Description Brian Haymore 2016-11-01 12:48:52 MDT

I'm not sure if David Richardson has yet opened a ticket with you all on some issues we are having with slurmdbd records, but I have a side question to ask that relates.

Let me first give a brief basis for this. We have been using slurmdbd to capture cluster usage for both the purpose of seeding XDMOD as well as for allocation enforcement. We have ALSO been capturing job completion records to the text file that slurm offers via JobCompLoc and JobCompType=jobcomp/filetxt. I left the filetxt option live vs none as it was a "second opinion" if we ever needed to compare slurmdbd records against something else.

We have now run into 3 or so events where something happens between slurmctld and slurmdbd where communication stops and we get syslog messages about a queue filling up and to restart slurmdbd. One event was from a reservationname that had some special character in it that broke things. Another was from having a reservation on nodes that were set to be retired. We retired them out of the slurm.conf file before releasing the reservation and that also got things stuck.

The result of these is that we can see that data about some jobs that ran in incomplete, flat out wrong, or just missing. Though it's not fully uniform from what we can see. So we have been leaning on this text file as a place to "trust" when things look out of place.

So now to the question that this ticket is about... We have noticed that as we setup GRES for GPU support that these bits were not landing in the text file from the JobCompType=jobcomp/filetxt setup. After looking more at the slurm job record from slurmdbd we see there are other fields not landing in the text file. I've goon looking in the man pages to see if I can control what fields land in the text file but I'm not finding things. Is there a way to setup slurm so that all the fields that are in slurmdbd's job records are also in the text file as well?

Thanks.

Comment 1 Alejandro Sanchez 2016-11-02 07:12:57 MDT

Hi Brian. The jobcomp/filetxt plugin currently records these fields:

JobId, UserId=name(uid), GroupId=name(gid), Name, JobState, Partition, TimeLimit, StartTime, EndTime, NodeList, NodeCnt, ProcCnt, WorkDir.

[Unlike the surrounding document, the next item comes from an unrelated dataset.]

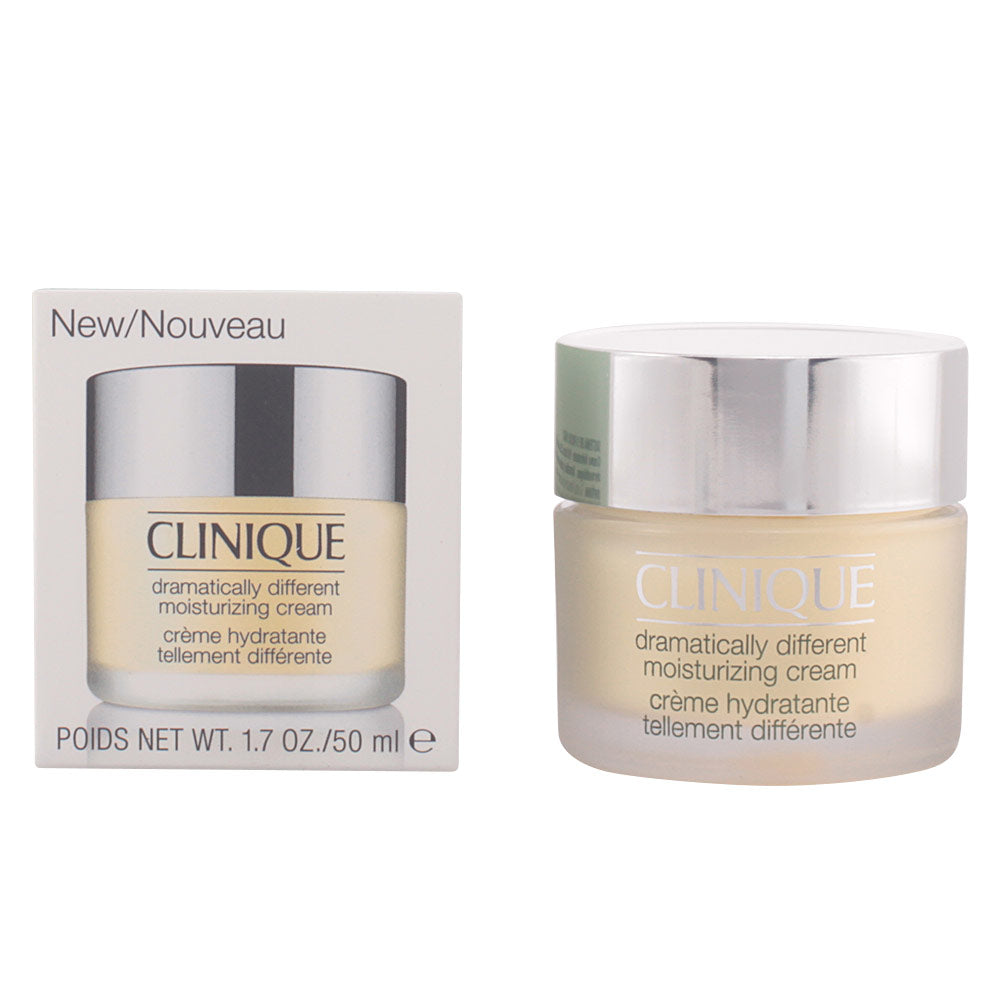 Jar of Clinique Dramatically Different Hydrating Cream on neutral background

Other jobcomp plugins (i.e. elasticsearch) records up to 36+ fields, including job_record->gres_req and job_record->gres_alloc which you mentioned to be interested in to be recorded.

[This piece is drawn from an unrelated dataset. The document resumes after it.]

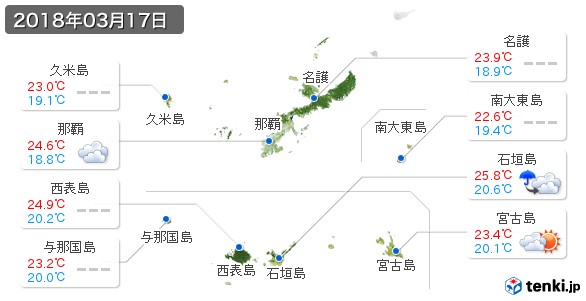 沖縄県(2018年03月17日の天気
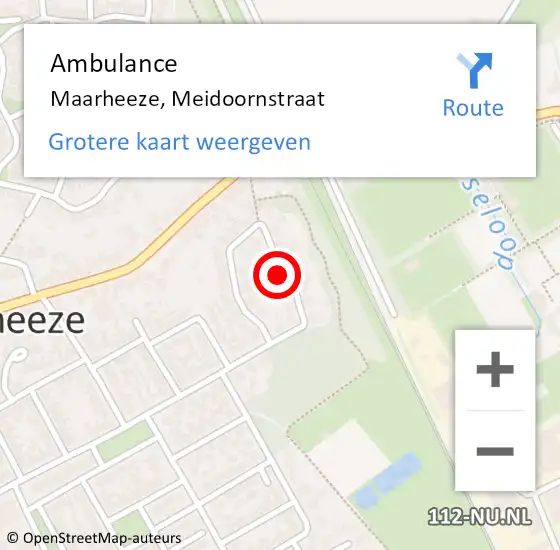 Locatie op kaart van de 112 melding: Ambulance Maarheeze, Meidoornstraat op 2 april 2019 08:11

I can change the bug to a sev-5 (enchancement request) for this petition to widen the jobcomp/filetxt number of fields. Unfortunately our development schedule is pretty full at the moment, and absent an external patch or customer wanting to sponsor some of this priority work I can't say how soon we'd be able to get to it. (If that's something University of Utah may be interested in pursuing let me know and we can have that discussion separately.)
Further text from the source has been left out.